╭─ SOURCE MATERIAL

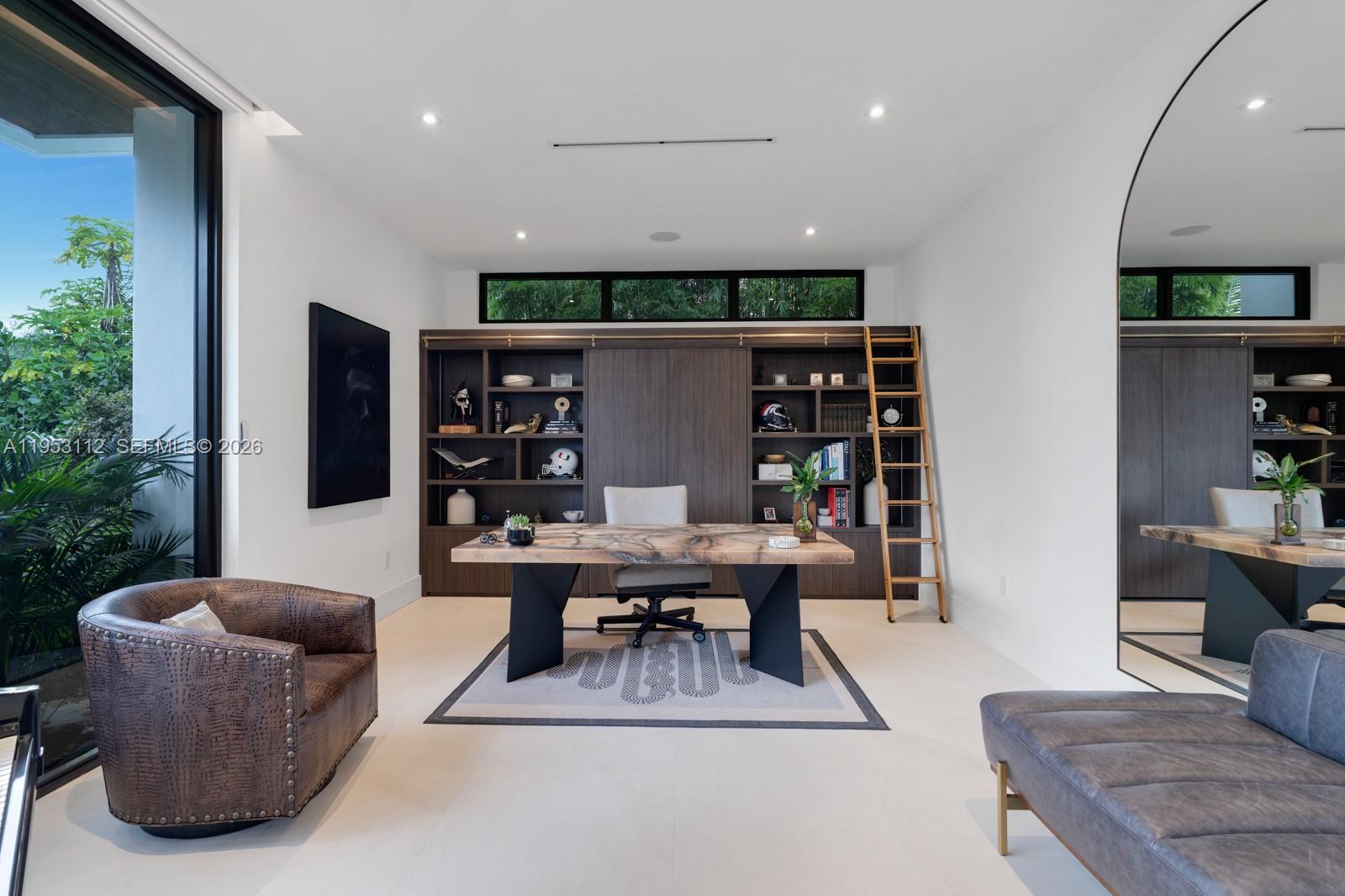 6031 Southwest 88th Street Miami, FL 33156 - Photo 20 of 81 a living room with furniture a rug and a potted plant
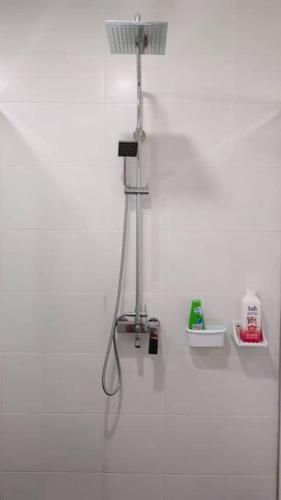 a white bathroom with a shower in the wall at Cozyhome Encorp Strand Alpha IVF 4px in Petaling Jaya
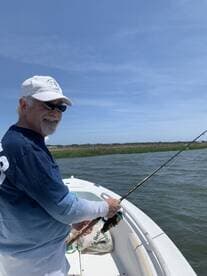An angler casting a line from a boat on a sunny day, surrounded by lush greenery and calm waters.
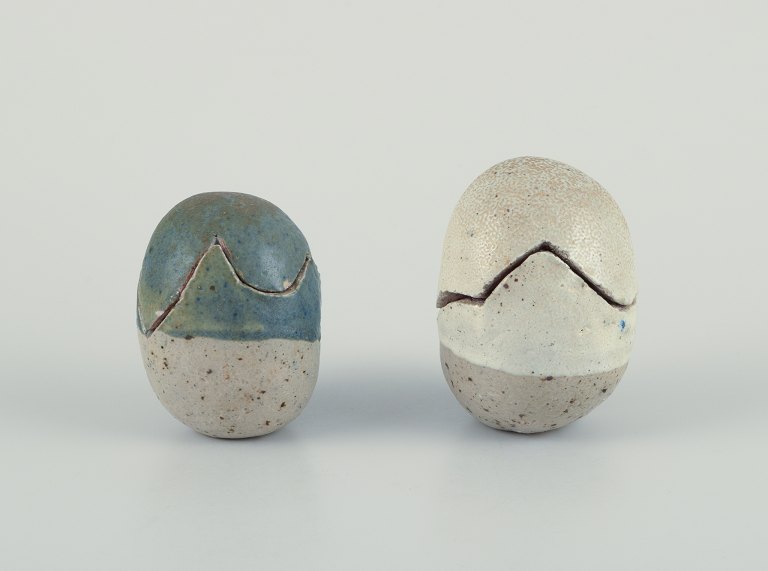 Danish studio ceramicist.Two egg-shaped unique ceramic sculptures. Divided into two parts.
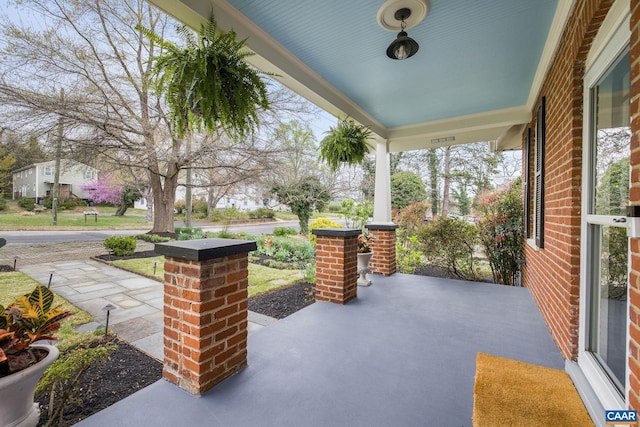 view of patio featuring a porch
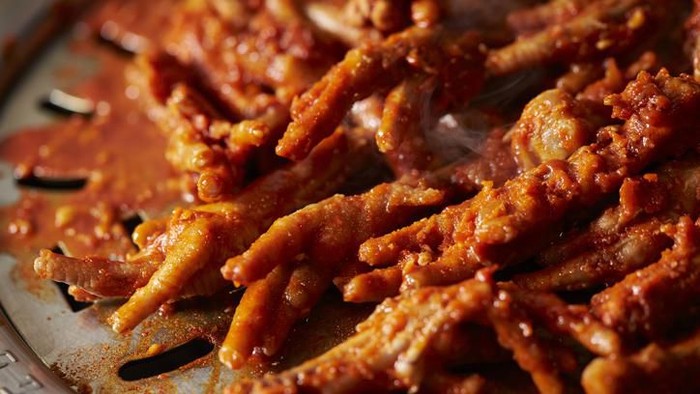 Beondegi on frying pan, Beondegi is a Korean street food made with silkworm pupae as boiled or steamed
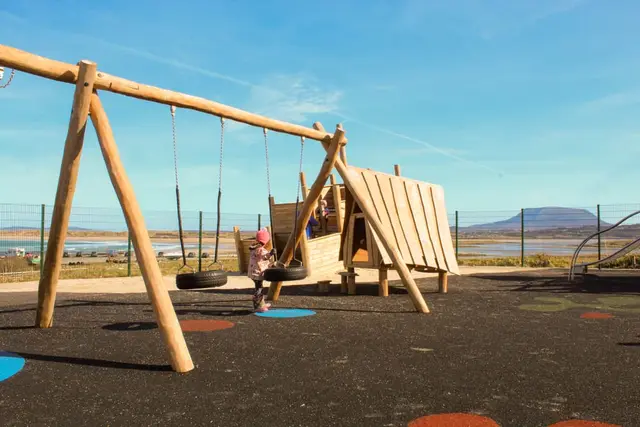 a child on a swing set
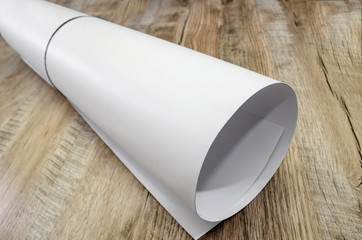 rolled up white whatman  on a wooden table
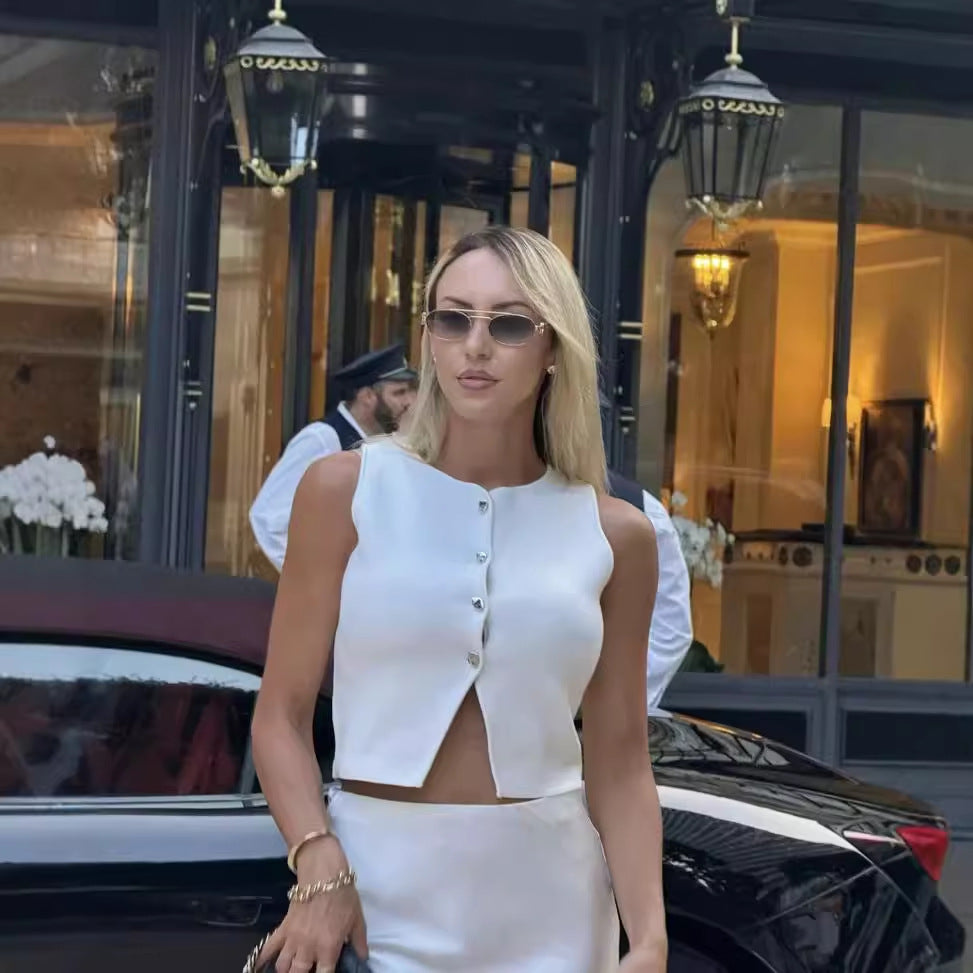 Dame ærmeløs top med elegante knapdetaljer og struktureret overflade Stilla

╰─
╭─ SOURCE MATERIAL

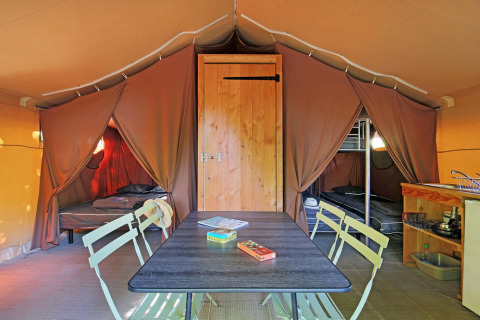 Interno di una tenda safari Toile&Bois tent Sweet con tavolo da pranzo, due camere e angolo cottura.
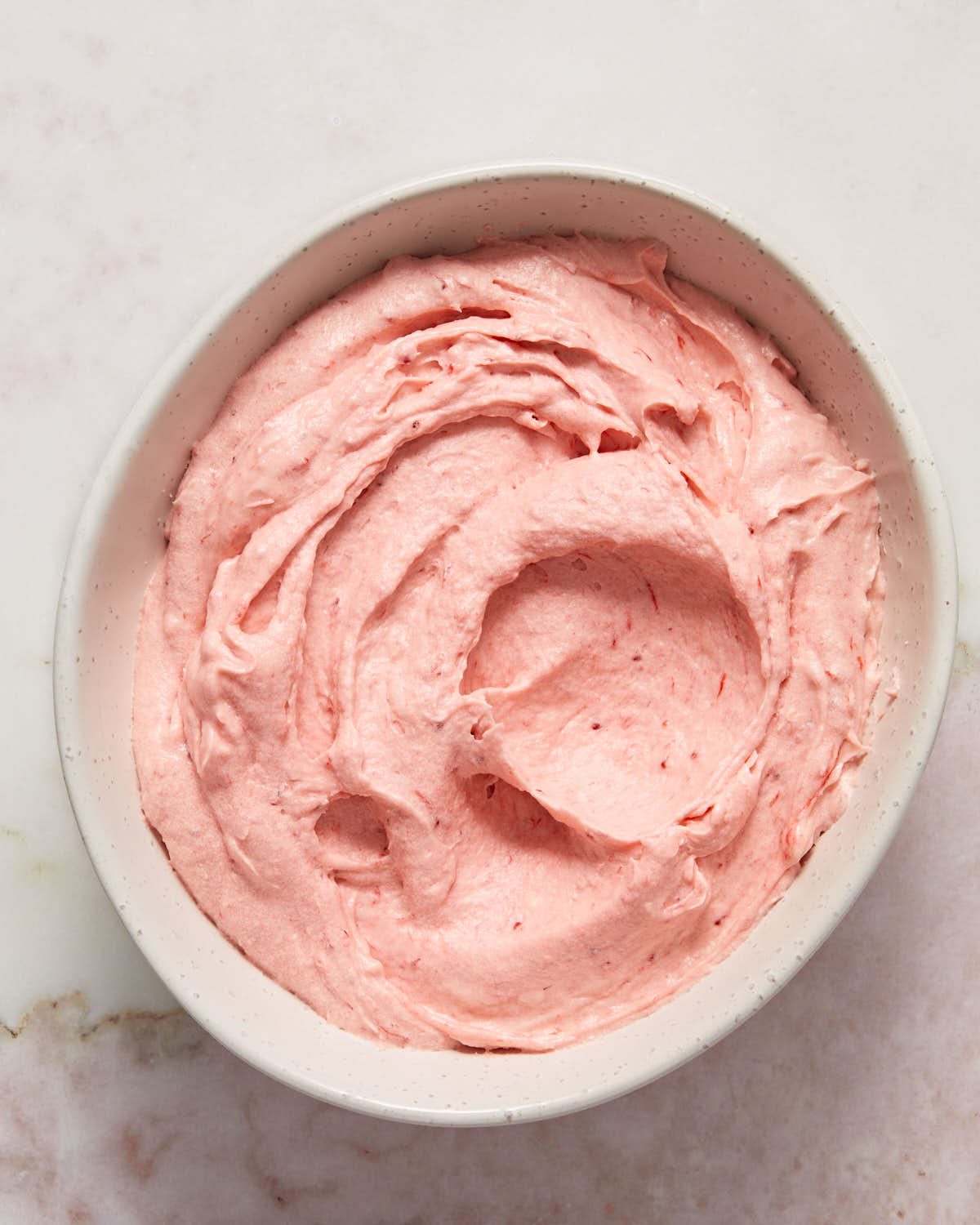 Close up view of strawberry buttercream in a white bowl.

╰─

WHAT YOU NEED TO DO
Reproduce, word for word, everything in the listing above from the line containing "rolled up white" down to the line containing "Dame ærmeløs top", both of them included. No pictures.

FINISHED EXERCISE
 rolled up white whatman  on a wooden table
 Dame ærmeløs top med elegante knapdetaljer og struktureret overflade Stilla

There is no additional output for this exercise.